Probability and Information Theory

An overview of the chapter “Probability and Information Theory” from the famous book “Deep Learning” written by Ian Goodfellow, Yoshua Bengio and Aaron Courville. The authors create a brief introduction of the important concepts of probability and information theory that help guide machine learning. All images and tables in this post are from their book.

Introduction

Probability can be seen as the extension of logic to deal with unceratinty. Probability can be viewed in two ways:

Bayesian Probability: This indicates the certainty or the degree of belief that the event occurs. A degree of belief of 1 indicates absolute certainty of the event. This probability is qualitative in nature.
Frequentist Probability: This indicates the rate at which the event occurs. This probability is quantitative in nature.

Random Variables

A random variable is a variable that can take on different values randomly. These may be discrete or continuous. A discrete random variable is one that has a finity or countably infinite number of states. These nese states are not necessarily integers, and can also just be named states that are not considered to have any numberical value. A continuous random value is associated with a real value.

Probability Distributions

A probability distribtuion is a description of how likely a random variable or set of random variables is to take on each of its possible states. THe way we describe probability distributions depend on whether the variables are discrete or continuous.

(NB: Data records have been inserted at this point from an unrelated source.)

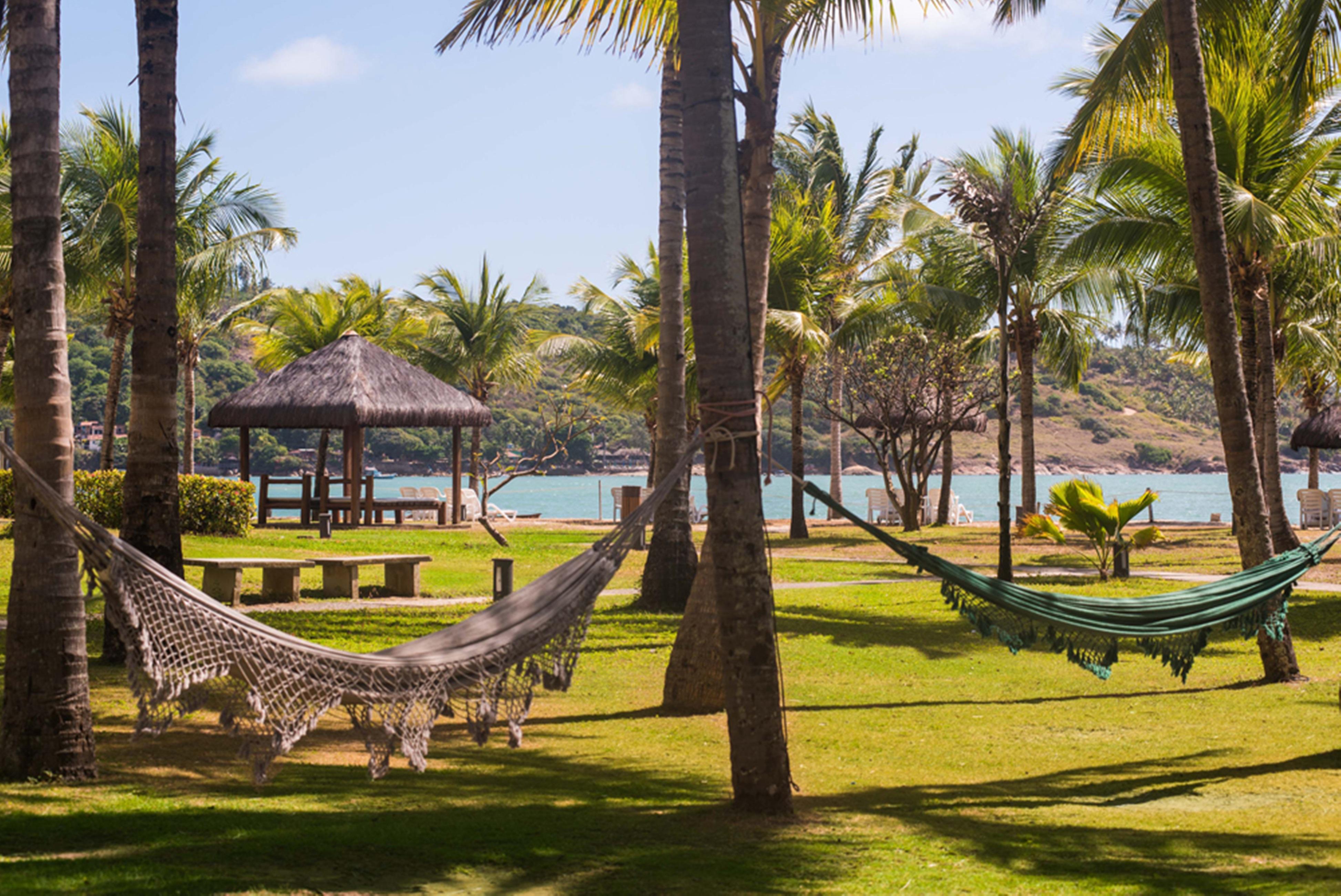 Vila Gale Cabo Кабу-ди-Санту-Агостинью Экстерьер фото Hammocks at the beach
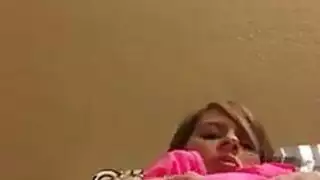 أبيض ثلاثي مع شقراء صغيرتي صغيرتي.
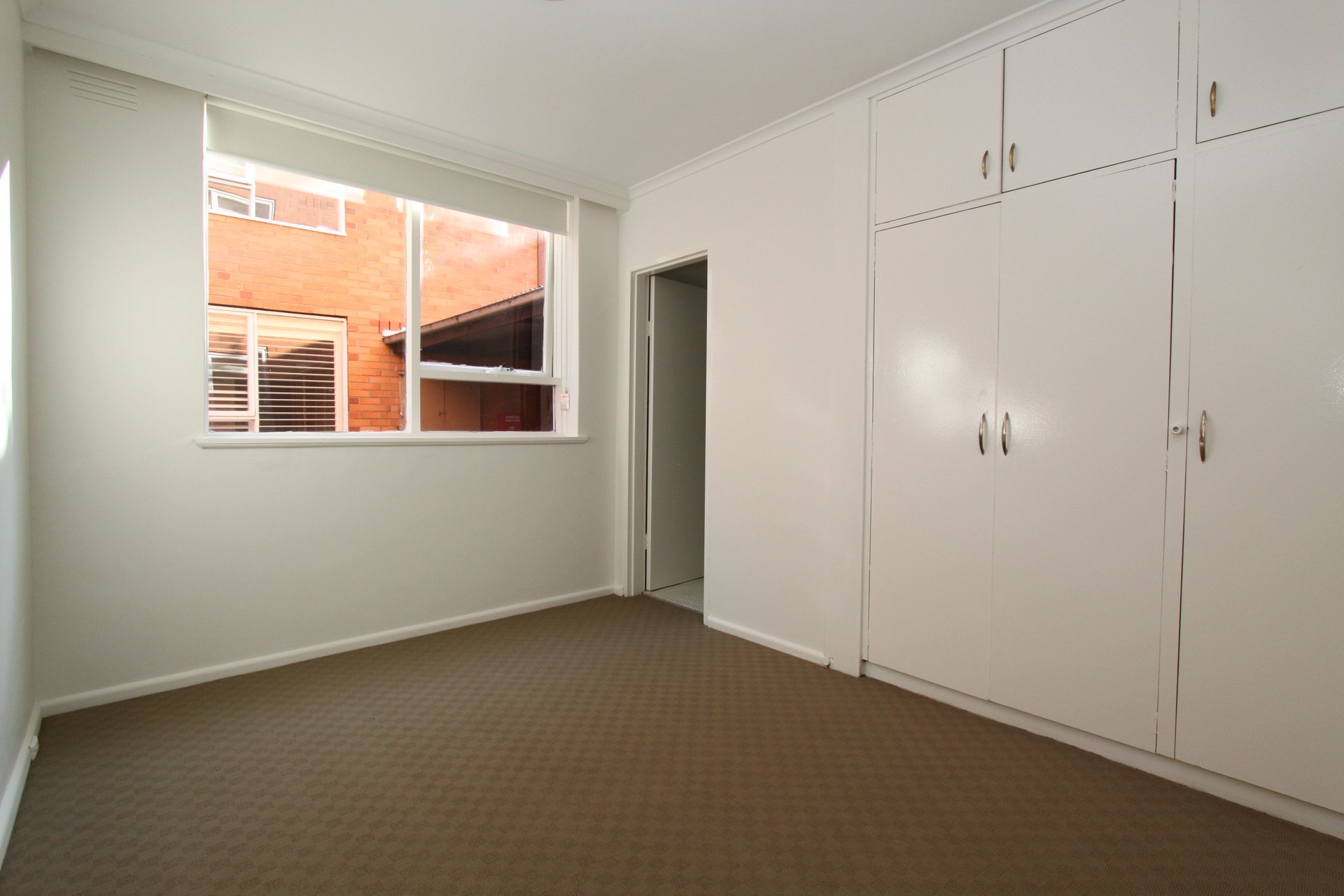 Property Gallery Thumbnail 4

Discrete Variables and Probability Mass Functions

A probability over discrete variables may be described using a probability mass function. The probability of the event $x$ taking place is $P(x)$ . If there are more than one variable, we define a joint probability distribution as $P(x,y)$ . To be a probability mass function on a random variable $x$ , a function $P$ must satisfy the following properties:

The domain of $P$ must be the set of all possible states of $x$ .
$\forall x, 0\leq P(x)\leq 1$
$\sum_{x}P(x) =1$

For example, consider uniform distribution where all the states are equally likely. Suppose there are $k$ states, the probability mass function is:

$P(x=x_i)=\frac{1}{k}$

Continuous Variables and Probability Density Functions

While working with continuous random variables, we describe probability distributions using a probability density function rather than a prabability mass function. To be a probability density function, a function $p$ must satisfy the following properties:

The domain of $p$ must be the set of all possible states of $x$ .
$\forall x, p(x)\geq 0$
$\int p(x)dx = 1$

The probability of event between $a$ and $b$ , can be obtained by computing $\int_{a}^{b} p(x)dx$ . Also the probability of an event $a$ occuring is 0, since $\int_{a}^{a} p(x)dx = 0$ .

Marginal Probability

The probability over a subset is known as the marginal probability distribution. For discrete variables, $\forall x, P(x) = \sum _y P(x,y)$ . For continuous variables, $\forall x, p(x) = \int p(x,y)dy$ .

Conditional Probability

Conditional probability is the probability of some event, given that some other event has happened.

$P(y|x) = \frac{P(x,y)}{P(x)}$

The conditional probability is only defined when $P(x)>0$ , we cannot compute the conditional probability conditioned on an event that never happens. It is important not to confuse conditional probability with computing what would happen if some action were undertaken. Computing the conequences of an action is called making an intervention queries. Intervention queries are the domain of causal modeling.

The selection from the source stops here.